Ticketmaster has been caught in a wave of bad headlines this week following the report exposing a number of pro-broker policies in place within the company’s resale operation. While some were fairly well-known industry practices, others were jaw-dropping, particularly a hidden camera recording of a TM resale salesperson discussing how the company turns a blind eye to behavior by ticket brokers which violate the terms of service of the company’s primary box office operations, so long as they are listing tickets for resale on TM’s platform.
The Live Nation-owned ticketing company, which has long been a lightning rod for consumer anger in the ticketing ecosystem, issued a strong statement Thursday denying the most damning parts of the story and saying it was reviewing its policies regarding resale. But the emergence of the potential pending litigation shows that in a certain sense, major damage may already be done.

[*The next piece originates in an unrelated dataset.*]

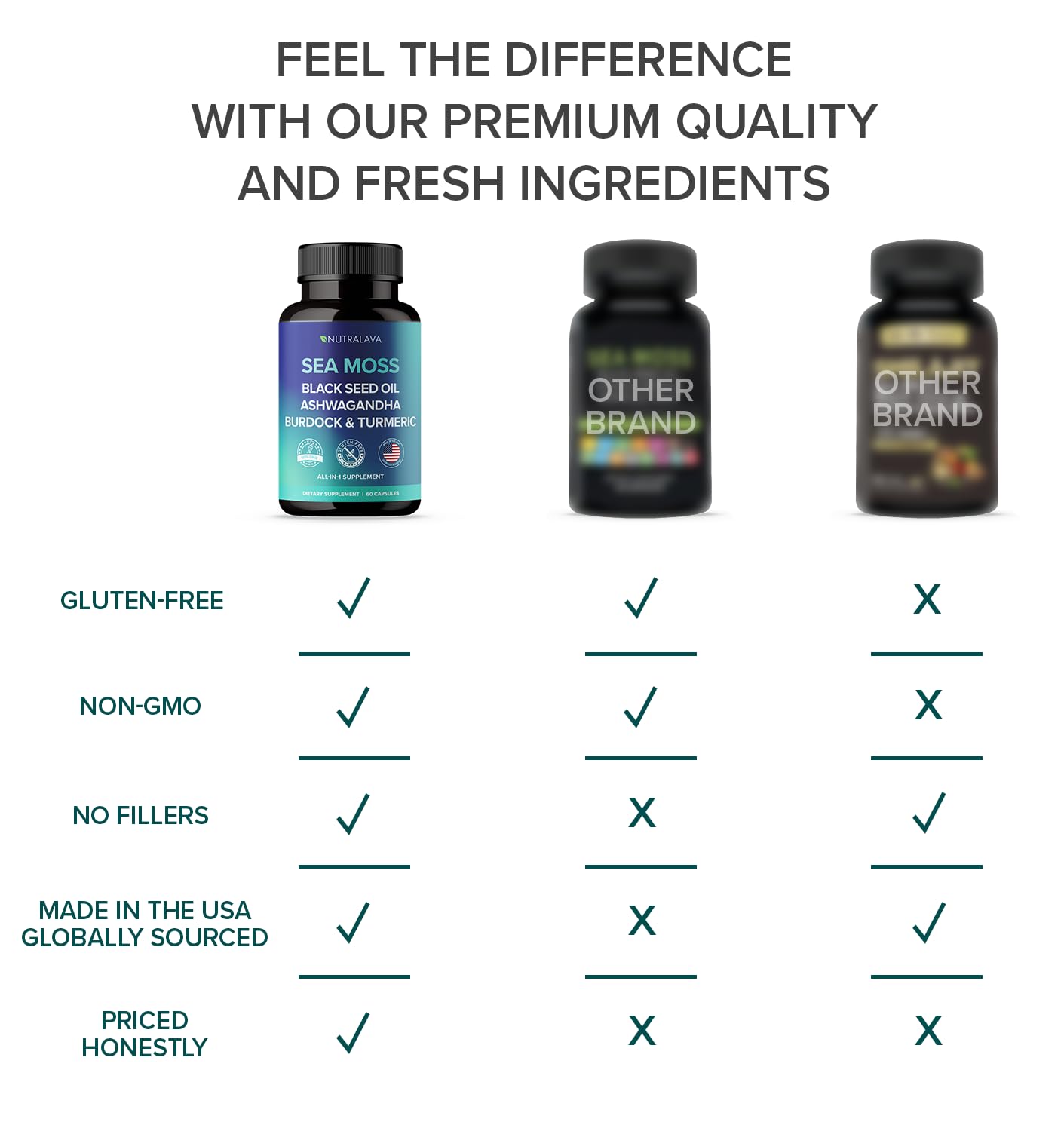 NUTRALAVA Sea Moss Pills, All-in-One Blend with Irish Sea Moss Black Seed Oil Ashwagandha, Sea Moss Capsules for Women and Men - Gluten-Free, Non-GMO, 60 Capsules NUTRALAVA Au supplements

Thursday saw a report out by CTV Regina detailing how Tony Merchant is launching one lawsuit against Ticketmaster and Live Nation alleging the companies mislead consumers on ticket prices. He told reporters that damages to Canadians could reach figures in excess of $100 million (CAD, presumably).
On Friday afternoon, TicketNews received a tip regarding a website set up by Hagens Berman Sobol Shapiro, a class-action litigation firm with offices in nine U.S. cities including Los Angeles (near Live Nation’s Beverly Hills corporate headquarters). That website seeks information from consumers who feel they may have been harmed by “the wrongdoing and profiteering” it believes may have occurred. It has a form for individuals to fill out requesting contact information, whether or not they have purchased tickets to a show via Ticketmaster’s resale operations, and in what state.
A message seeking clarification on the current status of whether a lawsuit has been filed has not received a response as of Friday evening.
Live Nation and Ticketmaster are no strangers to litigation over their practices in the ticketing ecosystem. One such lawsuit, Schlesinger v. Ticketmaster, was filed in 2003 over what it claimed was inadequate disclosures over processing fees and UPS shipping fees and settled a decade later. Consumers who purchased tickets between October 21, 1999 and February 27, 2013, have since been entitled to vouchers good for free or reduced-price seats to events at Live Nation venues and UPS shipping for purchases from the company.
More recently, Canada’s Competition Bureau filed suit against the companies for what it calls “drip pricing” – the practice of disclosing fees deep in the transaction process that greatly inflate the price after a consumer has effectively committed to a purchase. A class-action suit followed that closely. The company has also seen calls by New Jersey Rep. Bill Pascrell, Jr. for a “crackdown” due to what he calls monopolistic practices, which came in the wake of a New York Times report earlier this year outlining allegations of anti-competitive practices by Live Nation that would violate a consent decree it entered as a condition of the approval of its merger with Ticketmaster a decade ago.
We will update this story with additional information as it becomes available.